*** Material shown Section Begins ***
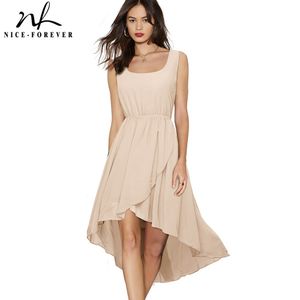 Nice-forever Summer Women Bohemian Beach Elastic Dresses Casual Holiday Chiffon Dress bty397 210419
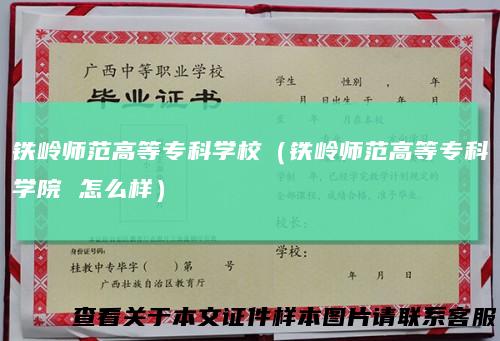 铁岭师范高等专科学校（铁岭师范高等专科学院 怎么样）
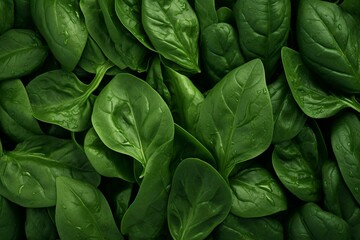 Fototapeta na wymiar Green spinach leaves pile. Generative AI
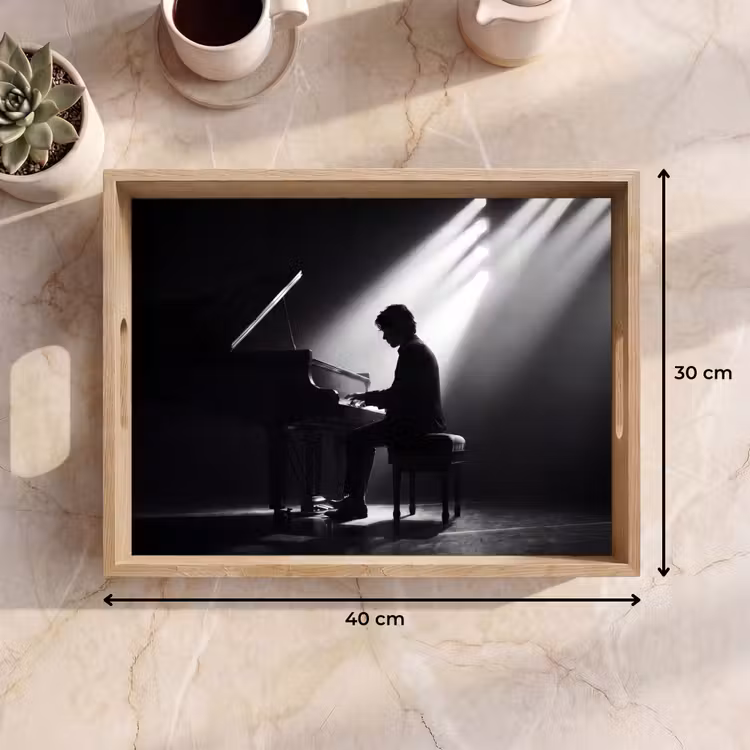 Dienblad - Persoon - Piano - Muziek - Zwart-wit - Podium — 9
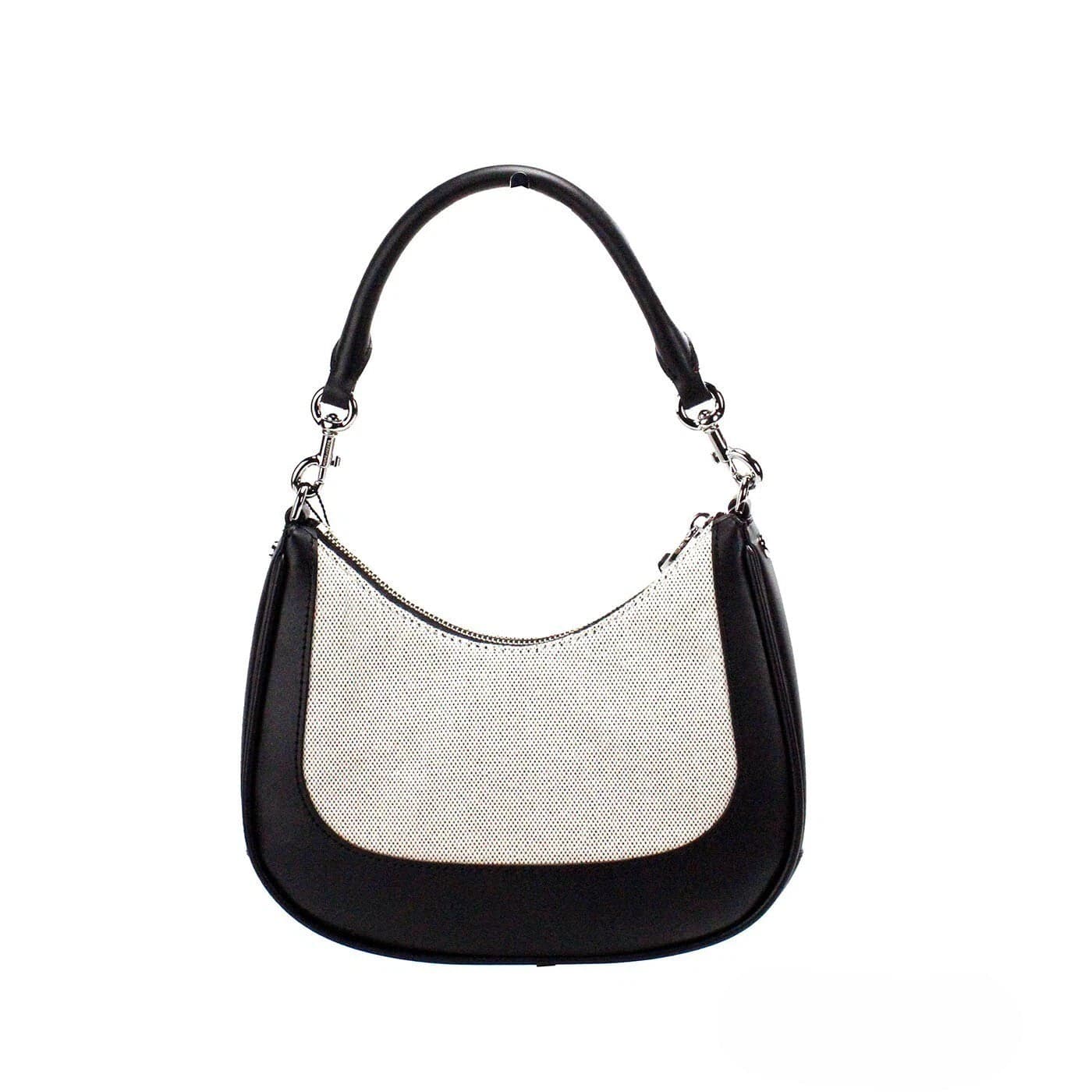 Marc Jacobs Natural Black Canvas Leather Hobo Shoulder Handbag Purse - 4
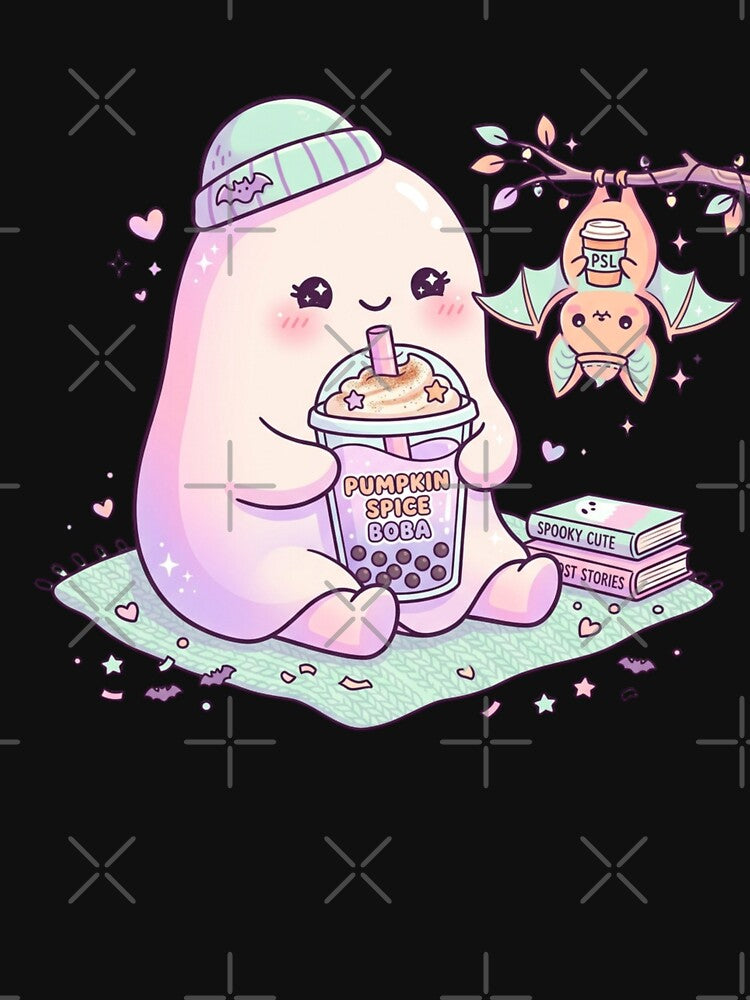 Cute Ghost Drinking Boba Pumpkin Spice Bat Pastel Goth Fall by KreatoLab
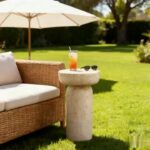 Travertine Pedestal Side Table - Image 4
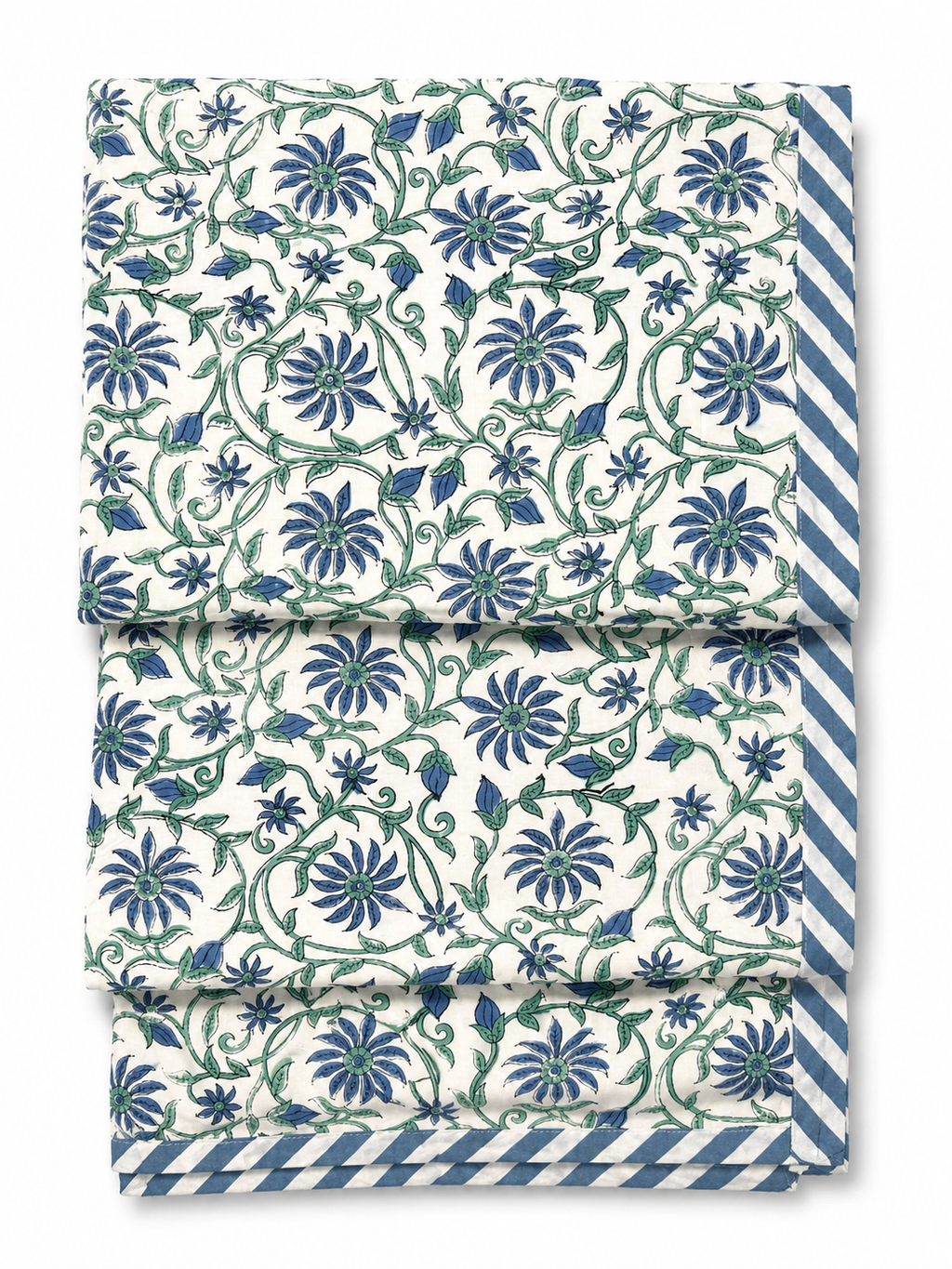 Grey & Blue Floral Hand Block Print Dohar (Single) - Sunesa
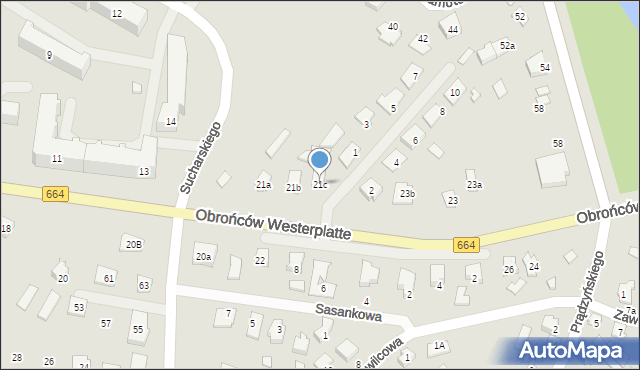 Augustów, Obrońców Westerplatte, 21c, mapa Augustów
*** Material shown Section Ends ***
• **About this exercise**:
Transcribe the records above exactly, leaving every picture out of the copy.

• **Task solution**:
 Nice-forever Summer Women Bohemian Beach Elastic Dresses Casual Holiday Chiffon Dress bty397 210419
 铁岭师范高等专科学校（铁岭师范高等专科学院 怎么样）
 Fototapeta na wymiar Green spinach leaves pile. Generative AI
 Dienblad - Persoon - Piano - Muziek - Zwart-wit - Podium — 9
 Marc Jacobs Natural Black Canvas Leather Hobo Shoulder Handbag Purse - 4
 Cute Ghost Drinking Boba Pumpkin Spice Bat Pastel Goth Fall by KreatoLab
 Travertine Pedestal Side Table - Image 4
 Grey & Blue Floral Hand Block Print Dohar (Single) - Sunesa
 Augustów, Obrońców Westerplatte, 21c, mapa Augustów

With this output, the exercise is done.